Em 1987, Bori foi eleita a primeira presidente mulher da SBPC, cargo que ocupou até o ano de 1989. Em seu mandato, intensificou a posição da SBPC para se articular na construção da atual Constituição Federal, promulgada em 1988.
“Carolina foi presidente da SBPC durante anos decisivos da vida democrática do País. Na Constituinte de 1987-88, ela era a nossa presidente e defendeu as causas indígenas, da mulher e também do meio ambiente, questão que era nova no cenário da comunidade científica, e defendeu todas as causas com bastante firmeza”, complementou Candotti,
Para Bori, a proposta elaborada pela SBPC para a Constituinte não se restringia a levantar pontos apenas para o desenvolvimento científico e tecnológico, mas para o desenvolvimento social da nação. “Estamos na expectativa de ação, urgente, imediata, no sentido de que nossas propostas se concretizem na nova Constituição como uma contribuição da comunidade acadêmica para a criação de um país moderno, um país novo, um país que faça valer os direitos das pessoas que vivem nele”, disse em julho de 1987, durante a abertura da 39ª Reunião Anual da SBPC, realizada na UnB.
Em seus últimos anos de vida, Carolina Bori intensificou o olhar à educação. Para ela, o Brasil não valorizava os professores e não conseguia enxergar como a precariedade na relação com os educadores afeta diretamente a construção de uma sociedade – pontos que podem ser levantados até nos dias de hoje.
“Existe um problema crucial que é a formação de professores. Eu acho que os professores ganham pouco e não há materiais com conhecimentos atualizados para essas pessoas. Não sei quantos relatórios sobre isso eu li: o do Banco Mundial, o da Unesco, e esses relatórios mostram que nós não estamos acertando na qualificação desses profissionais. À medida que essas dificuldades aparecem na formação de professores, a população vai ficando para trás. A população nasce, cresce, fica velha e não sabe nada”, disse em 1999, na entrevista para a revista Ciência Hoje.
Carolina Bori morreu no dia 5 de outubro de 2004, aos 80 anos.

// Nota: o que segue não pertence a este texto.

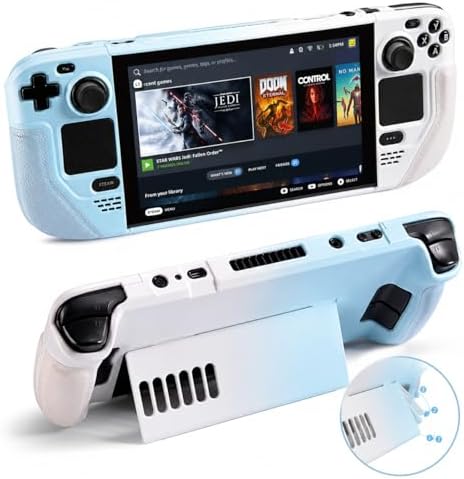 UYIYE Case for Steam Deck OLED & LCD with Kickstand, White-Blue Gradient by Unknown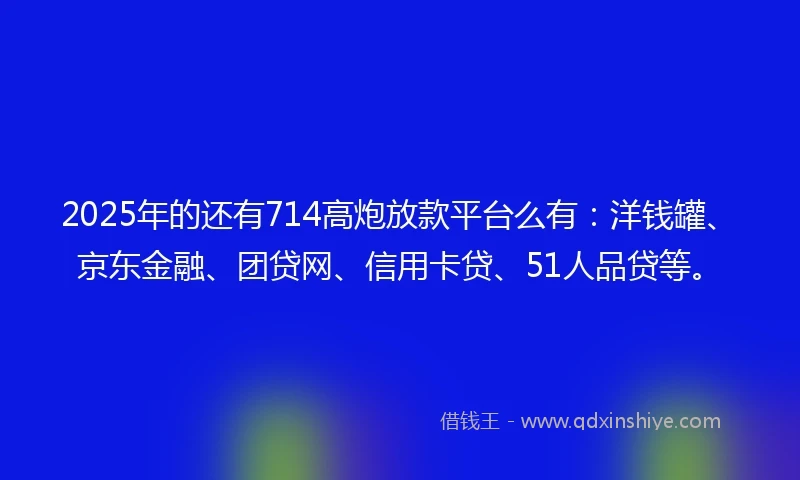 2025年的还有714高炮放款平台么有：洋钱罐、京东金融、团贷网、信用卡贷、51人品贷等。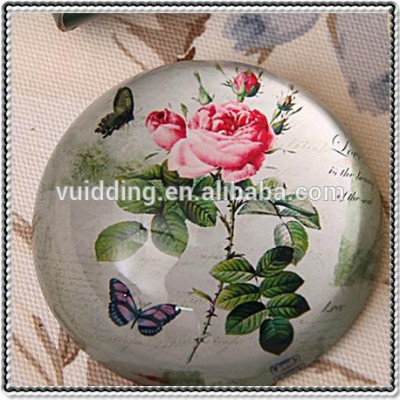 Chinese Flower Crystal Rose Paperweight For Romantic Decoration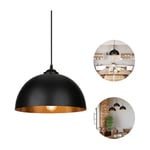 Randaco - 2x Suspension Luminaire Lampe suspendue Abat-jour Cuisine Lampe suspendue Plafond Noir-Doré Lumière Eclairage Design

Do seu legado, é possível encontrar leis, normas, cursos e, principalmente, uma série de medidas pela difusão da ciência na sociedade. Carolina Bori é nome da plataforma nacional de revalidação dos diplomas internacionais, também de uma série de prédios de universidades públicas, como na UFSCar e em Brasília, além de uma agência de divulgação científica e, especialmente, do um prêmio criado pela SBPC, em 12019, para valorizar meninas e mulheres que estão revolucionando a ciência nacional, assim como ela.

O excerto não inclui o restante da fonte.